▶ [Entries supplied]
-- Opening Marker --
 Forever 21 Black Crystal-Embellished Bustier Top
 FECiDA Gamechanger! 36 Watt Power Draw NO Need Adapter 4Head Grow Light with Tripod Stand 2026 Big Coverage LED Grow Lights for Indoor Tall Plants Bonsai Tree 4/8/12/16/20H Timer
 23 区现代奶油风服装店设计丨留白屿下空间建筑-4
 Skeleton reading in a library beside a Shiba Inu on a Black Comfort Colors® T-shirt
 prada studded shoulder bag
-- Closing Marker --
-- Opening Marker --
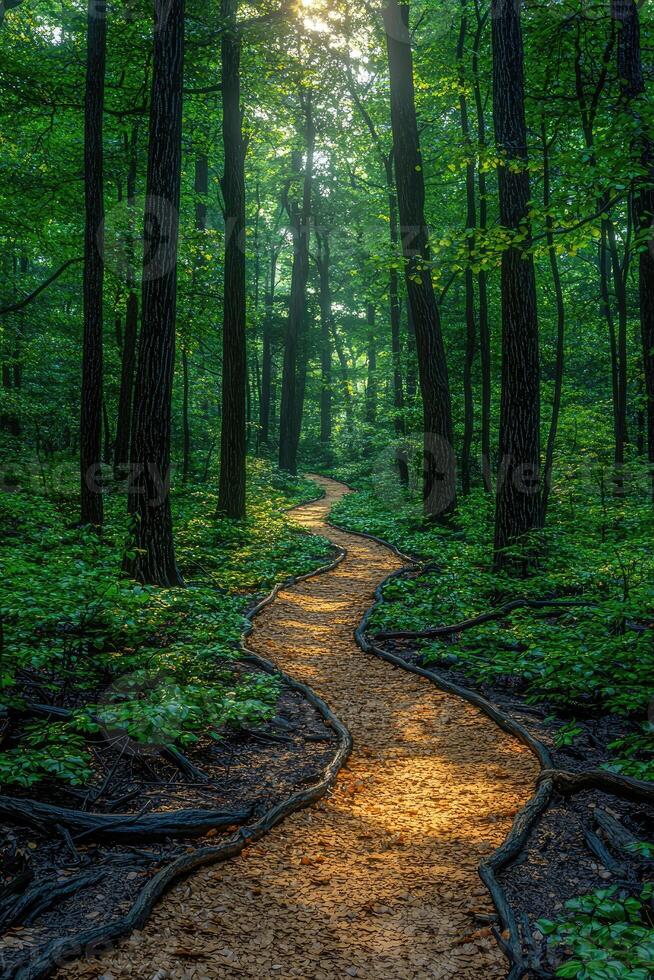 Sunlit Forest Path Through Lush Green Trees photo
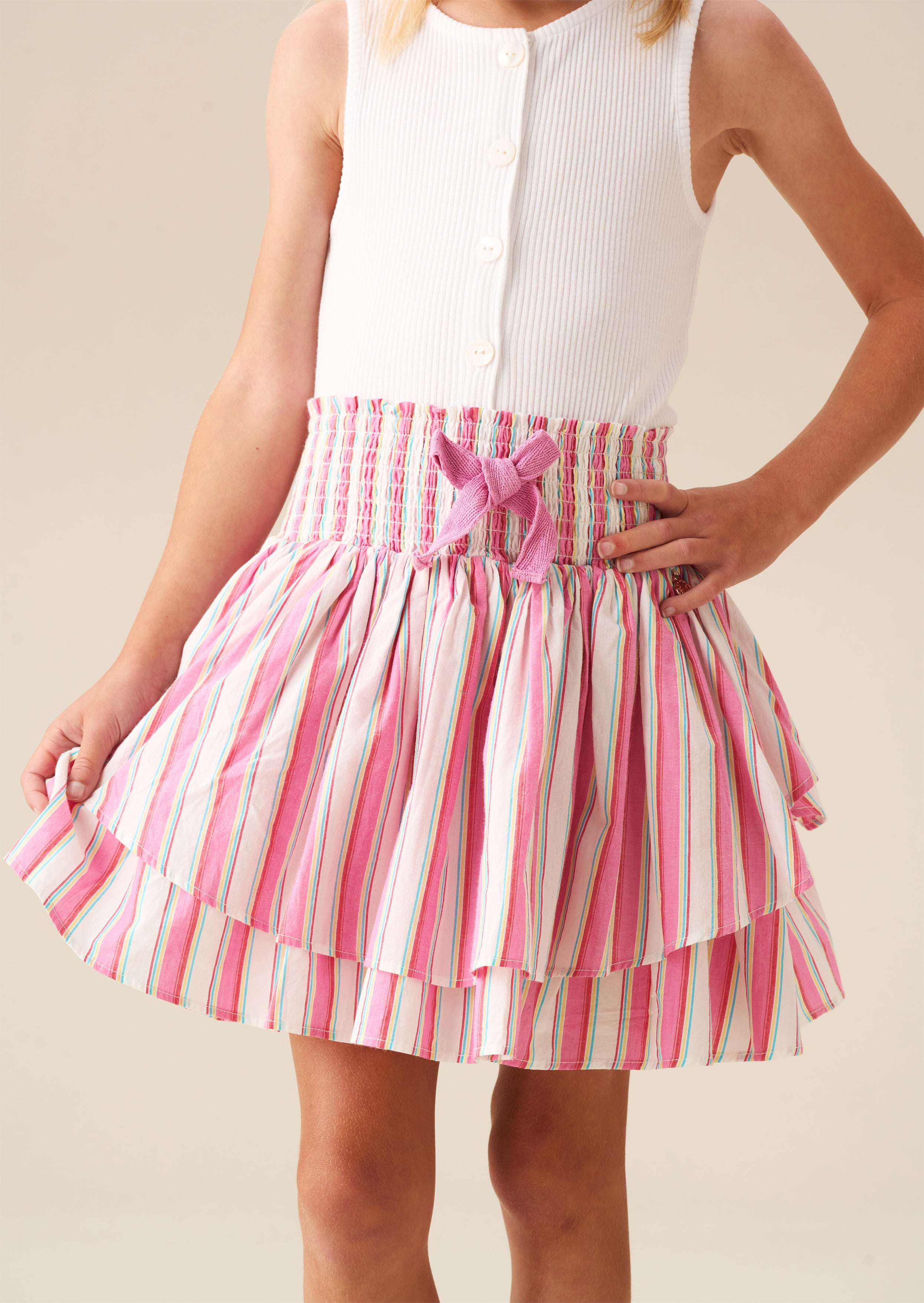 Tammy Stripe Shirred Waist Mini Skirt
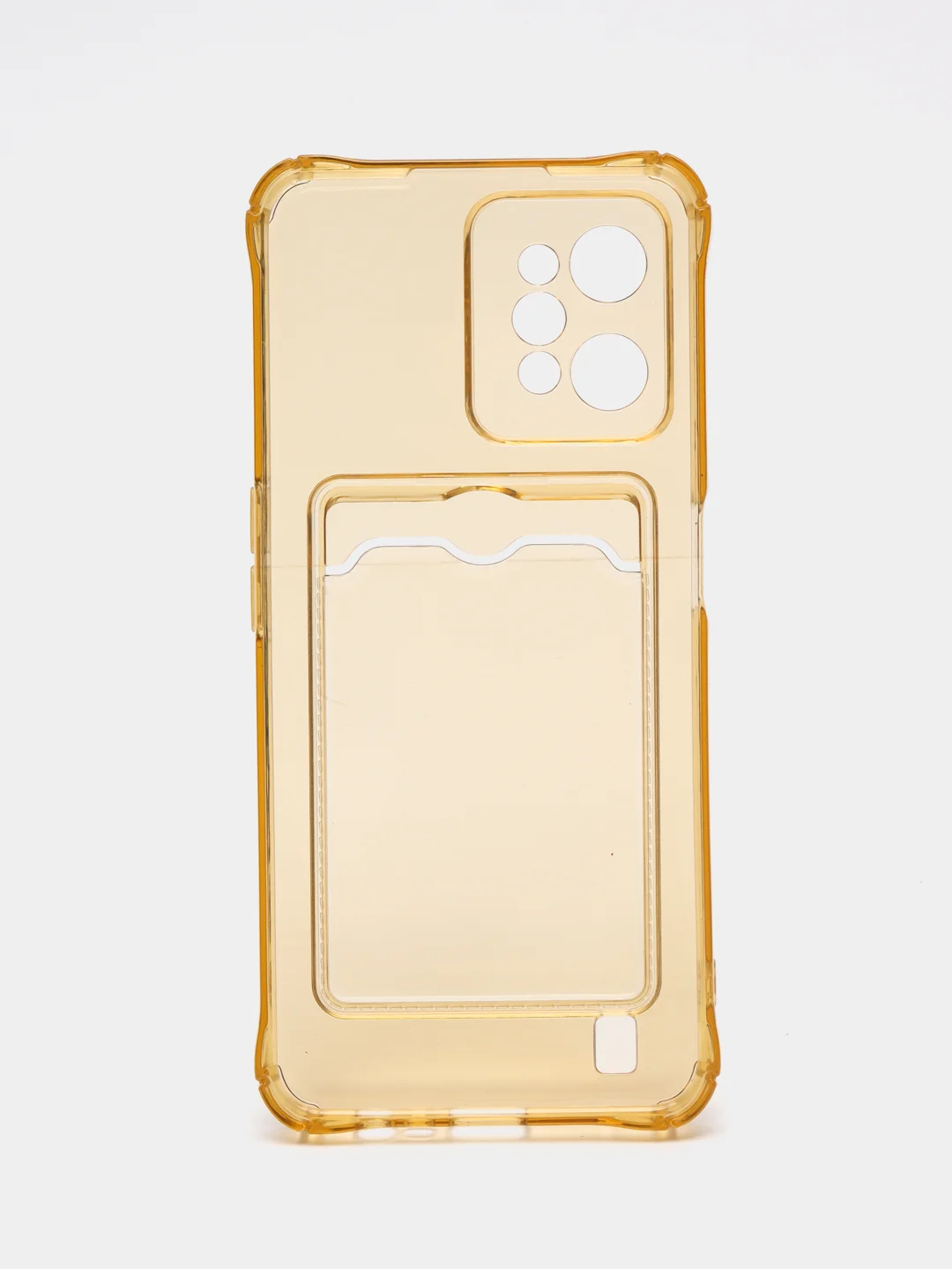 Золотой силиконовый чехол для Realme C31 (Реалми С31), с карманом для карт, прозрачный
-- Closing Marker --
Using the entries above, repeat only the lines from the one containing "Forever 21 Black" through the one containing "prada studded shoulder bag", end lines included.

▶ [Answer to the exercise]
 Forever 21 Black Crystal-Embellished Bustier Top
 FECiDA Gamechanger! 36 Watt Power Draw NO Need Adapter 4Head Grow Light with Tripod Stand 2026 Big Coverage LED Grow Lights for Indoor Tall Plants Bonsai Tree 4/8/12/16/20H Timer
 23 区现代奶油风服装店设计丨留白屿下空间建筑-4
 Skeleton reading in a library beside a Shiba Inu on a Black Comfort Colors® T-shirt
 prada studded shoulder bag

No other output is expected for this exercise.